Hello. I welcome the opportunity to speak to the House of Commons Standing Committee on Agriculture with respect to business risk management programs.
I have a joint Ph.D. in economics and statistics. I've been a professor at the University of Guelph since 2009. Prior to Guelph, I was professor and chair at the University of Arizona from 1996 to 2009 and worked closely with the United States Department of Agriculture's risk management agency on various crop insurance issues.
Today I will highlight some of the points made in my written brief titled “Canadian BRM: A Study in Syntax and Mythical Changes”. That brief raised a number of questions in regard to BRM and producer efficiency, overall program funding, program equity, risk smoothing, alternative insurance schemes and actuarial soundness. Additionally, the recommendations from the most recent national BRM expert panel were reviewed. Finally, other areas discussed included cross-compliance, involvement of private insurers, provincial Crown corporations, subsidization and the use of artificial intelligence in BRM.
Very little has structurally changed in Canadian BRM programs over the past three decades. This is not an indictment of the program. A cursory look at agricultural trade numbers suggests that Canadian farmers are competitive internationally in almost all products. In 2017, Canada produced $110 billion in agriculture and agri-food products and exported $56 billion. It would be hard to argue that Canadian BRM programs have hindered the competitive position of Canadian farmers. Moreover, it is noteworthy that the average farm household has significantly greater income than the average non-farm household and four times greater assets.

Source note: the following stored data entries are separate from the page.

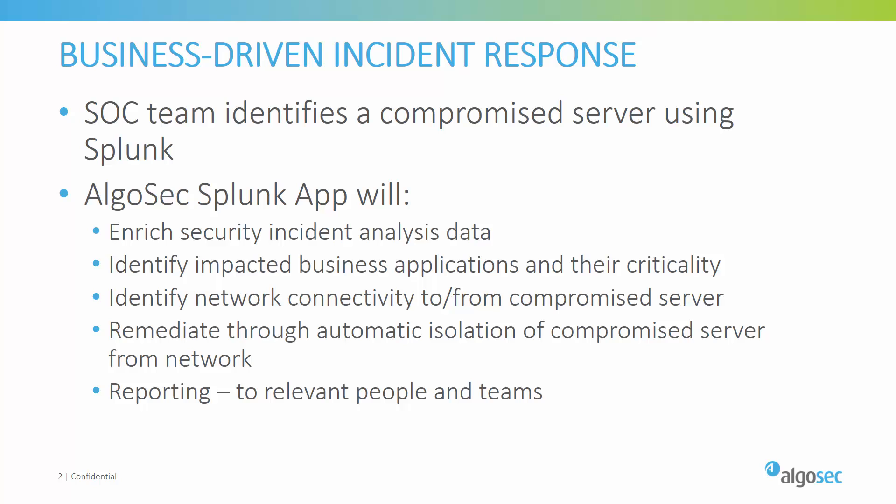In addition, AlgoSec can automate the action performed to contain the incident, such as automatically isolating the infected server from the network, all in a single click. Now let's see the new app in action.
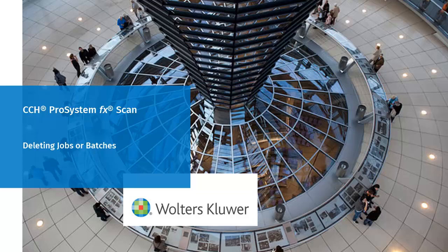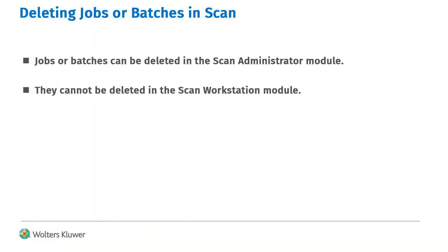Welcome to the video on deleting jobs or batches in CCH Pro System FX Scan. Jobs and batches must be deleted using the Scan Administrator module.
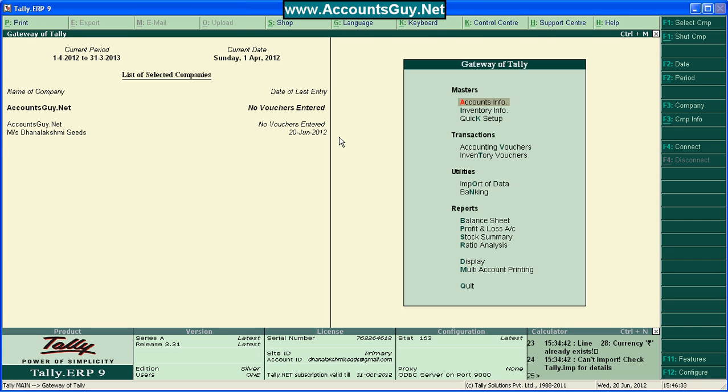Hi, this is Venkatesh. Welcome to AccountsGuide.net. In this video, I'm going to teach you how to transfer bulk ledgers from a company to another company by using the export and import of data options available in Tally ERP9.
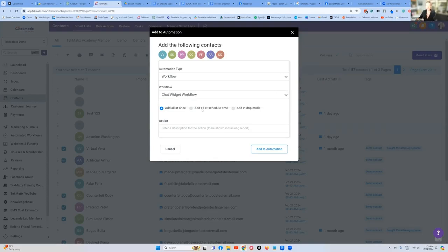It asks do you want to add everyone at once, or do you want to schedule them in a drip mode? If you're going to be adding hundreds of people, you might want to put it in drip mode just in case you get any spam or bounce rates. But if it's only a small group of people, add them all at once.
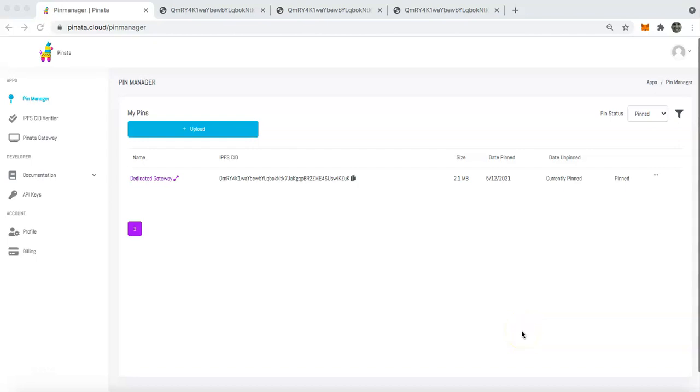Hello everyone, I'm Kyle Tutt with Piñata and we are the easiest way to use IPFS. In today's video, I'm going to show you how to spin up your own dedicated gateway on Piñata.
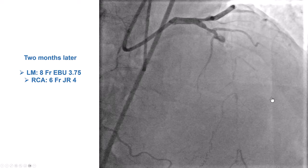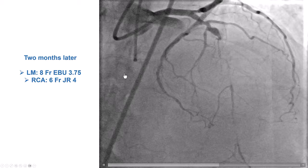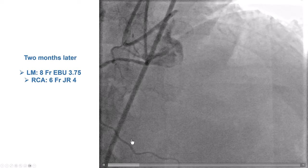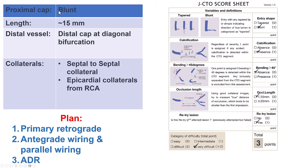The patient continued to have symptoms and returned two months later for a second attempt. This time we used an 8 French EBU-3.75 guide for strong support, and also a radial 6 French for the right coronary artery, because we thought it was unlikely we would go retrograde from the epicardial collateral coming from the marginal branch. We had a relatively short CTO but with a blunt cap and heavy calcification, a distal cap at the bifurcation of the diagonal, and a septal-to-septal plus an epicardial collateral from the RCA. Given the previous antegrade failure and a JCTO score of 3, we planned a primary retrograde approach through the septal-to-septal collateral.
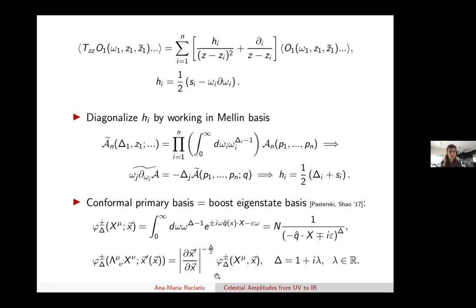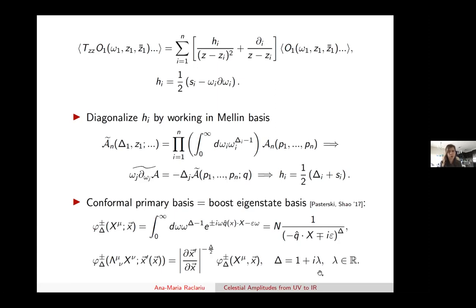Another fact shown is that if one wants these new solutions to also form a normalizable basis, the delta's have to lie on the principal series—taking the form delta = 1 + i*lambda where lambda is real, in four dimensions. However, this condition won't always be relevant. Many celestial operators have dimensions not of this form; the stress tensor is such an example, which will have dimensions h, h-bar equal to (2,0) or (0,2)—the usual dimensions of a stress tensor.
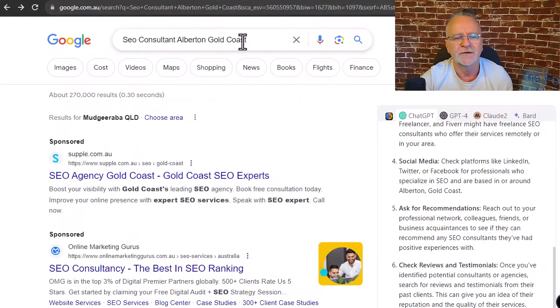If you would like to get search engine results like this in days, SEO consultant Alberton Gold Coast.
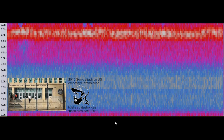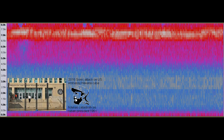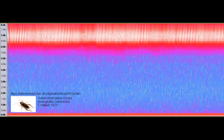20 seconds of the Cuba noise that's supposed to be from the embassy being attacked. 20 seconds of the insect that is supposed to have caused this sound.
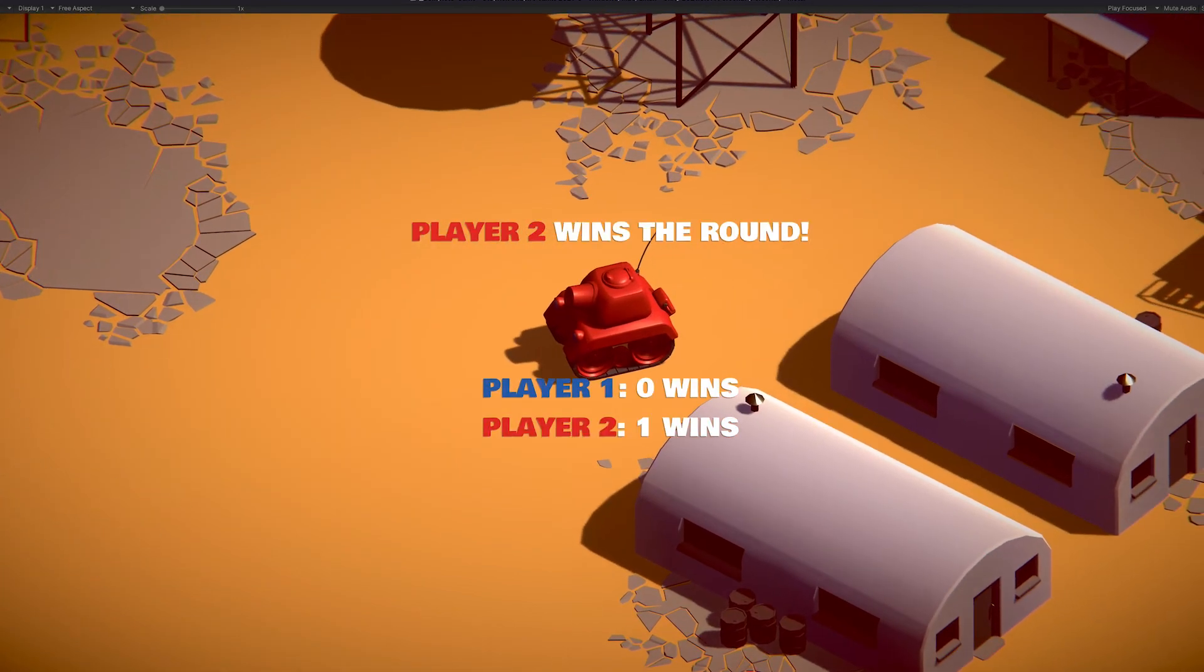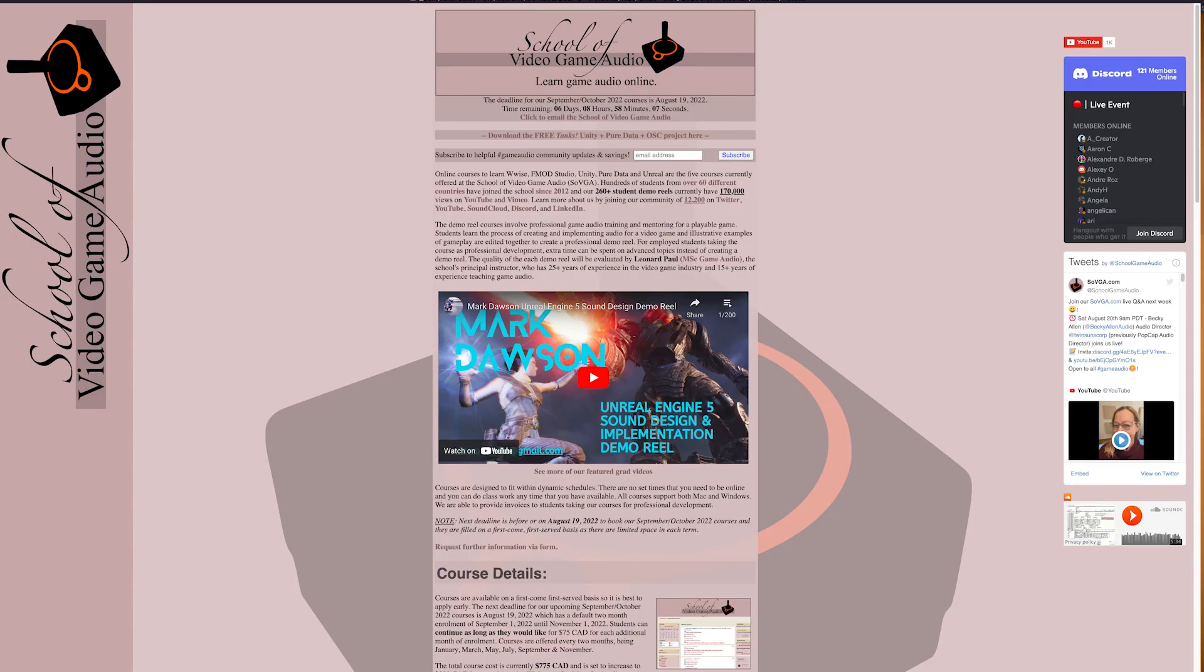I want to say thank you to the School of Video Game Audio for support throughout my Game Audio course, and thanks for watching.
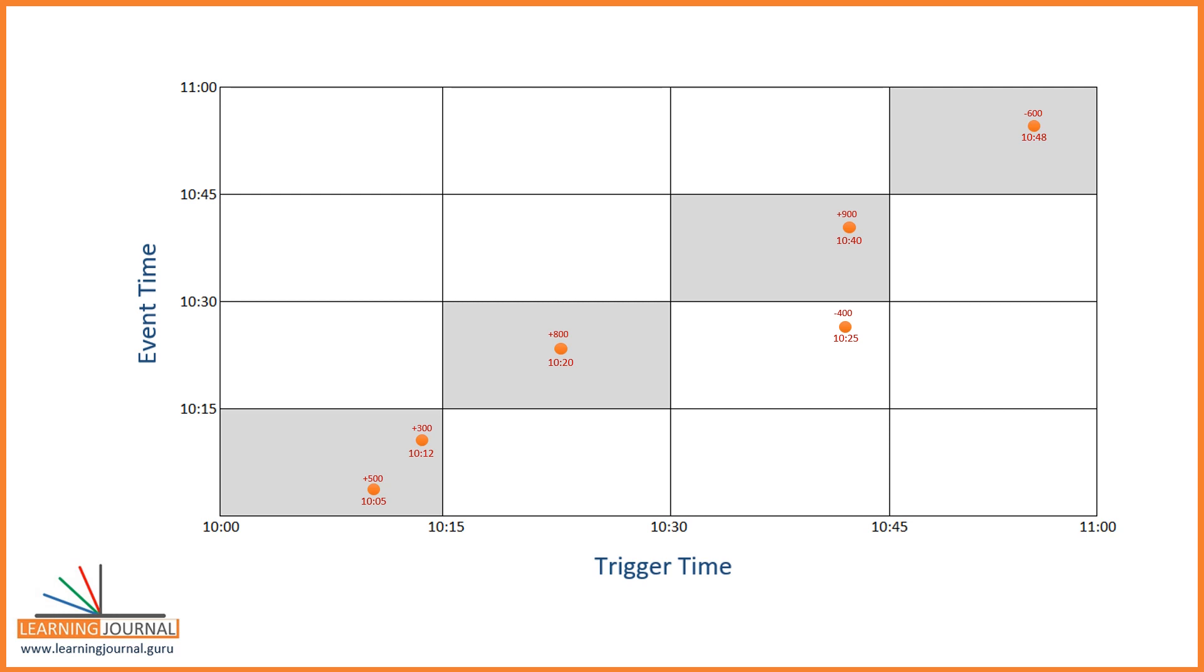Tumbling windows are a series of fixed-size, non-overlapping time intervals. So, in this example, we are creating 15-minute fixed-size windows and they do not overlap. Right? The other type of window is known as the sliding window, which is an overlapping window. I will cover sliding window in a later video. Great! That's all for this video. See you again. Keep learning and keep growing.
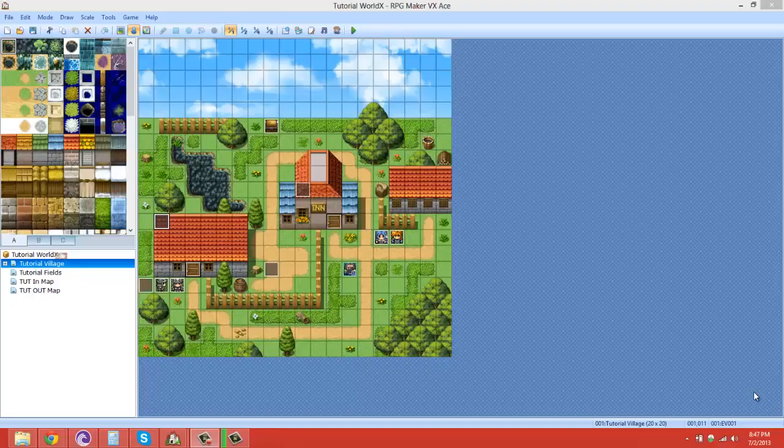Hello ladies and gentlemen and welcome to part 2 of the Starfire Action Battle System demo. In this episode I'm going to be teaching you guys how to set up enemies.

BRM programs consist of AgriInvest, AgriInsurance, AgriStability and AgriRecovery. More recently, there has been a great deal of dissatisfaction with AgriStability as represented by significant declines in participation and also by what the speakers before me just said. This dissatisfaction is, in my opinion, solely because of the pronounced and significant decline in loss coverage since Growing Forward. I want to reiterate that, while the change in AgriStability program parameters from 85% to 70% may seem relatively minor, they are not. Decreasing the level of coverage from 85% to 70% may, in some cases, reduce loss coverage for some farmers upwards of 100%.